┌─ Records for the exercise

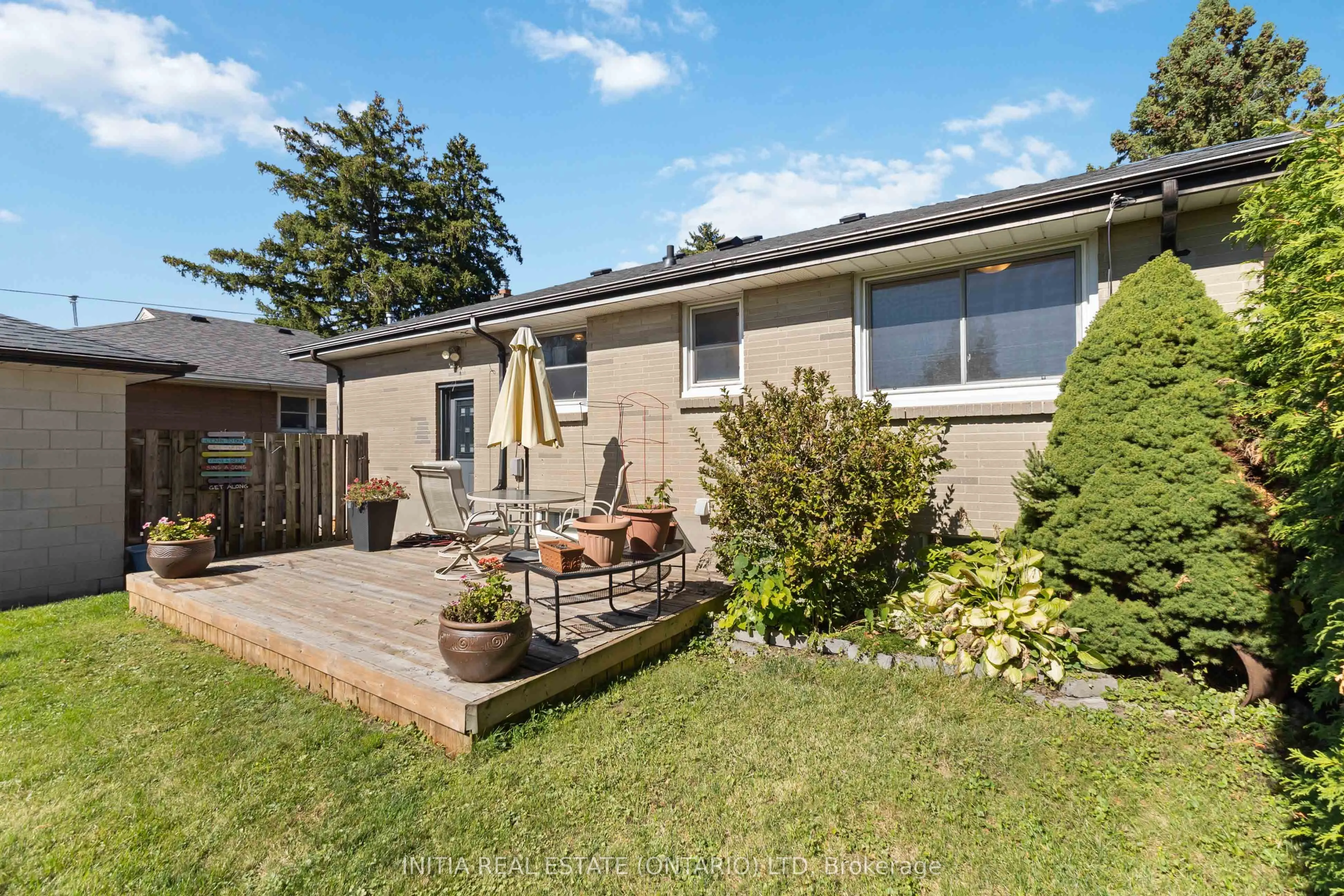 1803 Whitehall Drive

└─
┌─ Records for the exercise

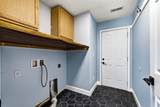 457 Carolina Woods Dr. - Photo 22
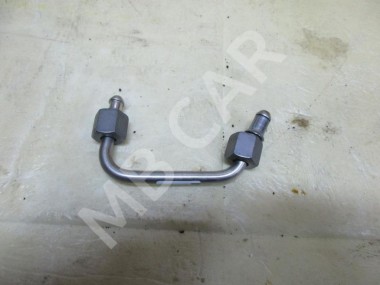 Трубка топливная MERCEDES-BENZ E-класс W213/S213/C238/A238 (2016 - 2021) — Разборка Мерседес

└─

## Work required
The material above holds pictures; leave them out. Repeat exactly the lines from the one containing "457 Carolina Woods Dr. - Photo 22" through the one containing "Трубка топливная MERCEDES-BENZ", and nothing else.

## Finished task
 457 Carolina Woods Dr. - Photo 22
 Трубка топливная MERCEDES-BENZ E-класс W213/S213/C238/A238 (2016 - 2021) — Разборка Мерседес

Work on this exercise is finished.